Juan Domingo Perón y la Iglesia católica tuvieron una relación que podría sintetizarse en la vieja antinomia “amor-odio”. Desde hace tiempo gran parte del periodismo y los analistas mundiales identifican al mismísimo Jorge Bergoglio con esa corriente política. Sin ir más lejos, este año el doctor en filosofía y periodista Ignacio Zuleta publicó su investigación sobre Francisco bajo el título El Papa peronista.

Pero la historia de la poderosa institución con sede en el Vaticano y el líder del nacionalismo burgués argentino estuvo marcada por mucho más que pasiones litúrgicas y doctrinas sociales.

Génesis

Ignacio Zuleta menciona en su libro que “el plexo de ideas del nacionalismo católico alimentó al peronismo. El Gobierno nacido del golpe de Estado de 1943 se abrió por primera vez a la introducción de la enseñanza religiosa en las escuelas. Algo que Juan Domingo Perón consagrará en 1946, desplegando las bases de una compleja relación con la Iglesia”.

Institucional y doctrinariamente, Perón se llevó de maravillas con el Vaticano hasta 1953. Tan es así que en casi todo el período de sus dos primeros gobiernos mantuvo vigente el decreto de obligatoriedad de la enseñanza religiosa en las escuelas públicas, que había sido firmado en 1943 por el dictador Pedro Ramírez.

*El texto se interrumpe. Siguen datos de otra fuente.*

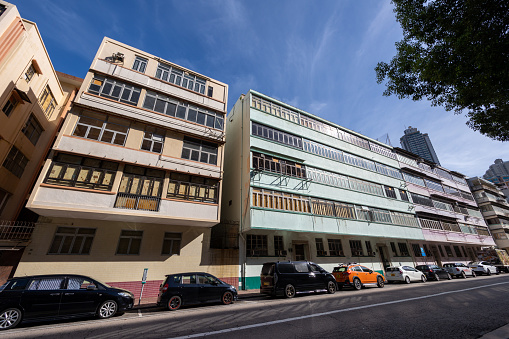 Hong Kong - October 21, 2022 : Residential buildings that will be pulled down and replaced with newer apartments as part of the government's urban renewal project at Shing Tak Street / Ma Tau Chung Road in Kowloon, Hong Kong. The project targeted completion by 2029/2030.
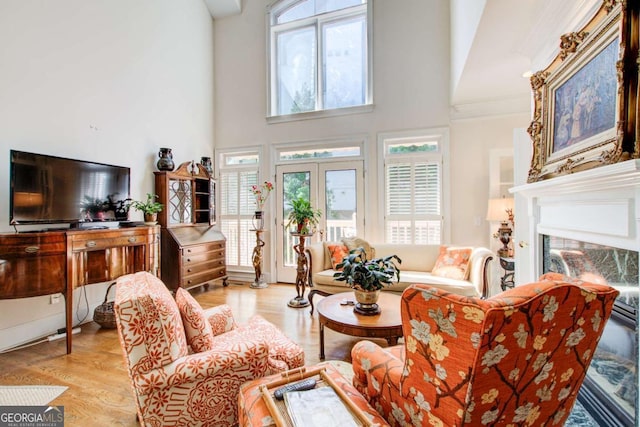 living room with a wealth of natural light, a towering ceiling, and light wood-type flooring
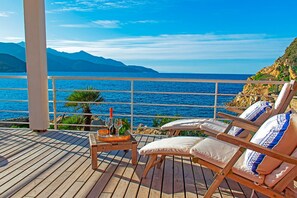 A wooden deck with lounge chairs and a table with a bottle and glasses. - The Boat Isola d Elba (Portoferraio)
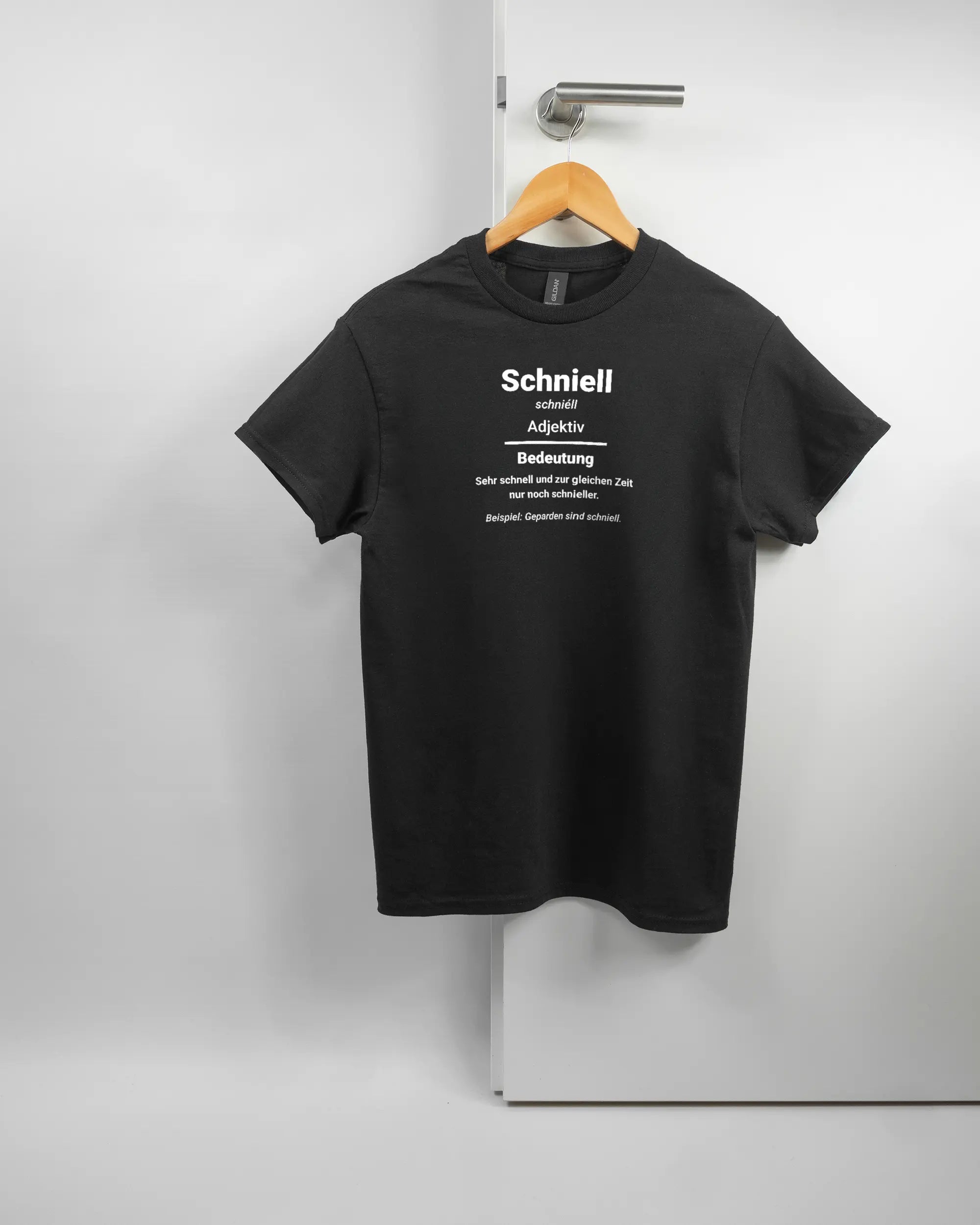 Vorderseite des Basic Unisex T-Shirt Regular von Maondo mit dem Design Schniell in der Farbe Black und in der Größe S auf einem Bügel an der Türklinke aufgehängt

En febrero de 1946 Perón ganó las elecciones con la promesa de mantener tanto la enseñanza religiosa como la “indisolubilidad del matrimonio”, es decir que no propiciaría una ley de divorcio, como era el reclamo de gran parte de la sociedad civil. Por eso la Curia apoyó su candidatura. En recompensa a su apoyo electoral, en 1947 el militar presidente hizo que aquel decreto se transformara en ley.

Si de un lado la alianza peronista-eclesiástica significaba el mantenimiento de privilegios y estatus excepcional para la sucursal argentina del Vaticano, del otro lado significaba la apropiación de un “cuerpo teórico”, particularmente basado en la llamada Doctrina Social de la Iglesia, que le servía a Perón para combatir al clasismo, al socialismo y al comunismo en el seno de la población trabajadora.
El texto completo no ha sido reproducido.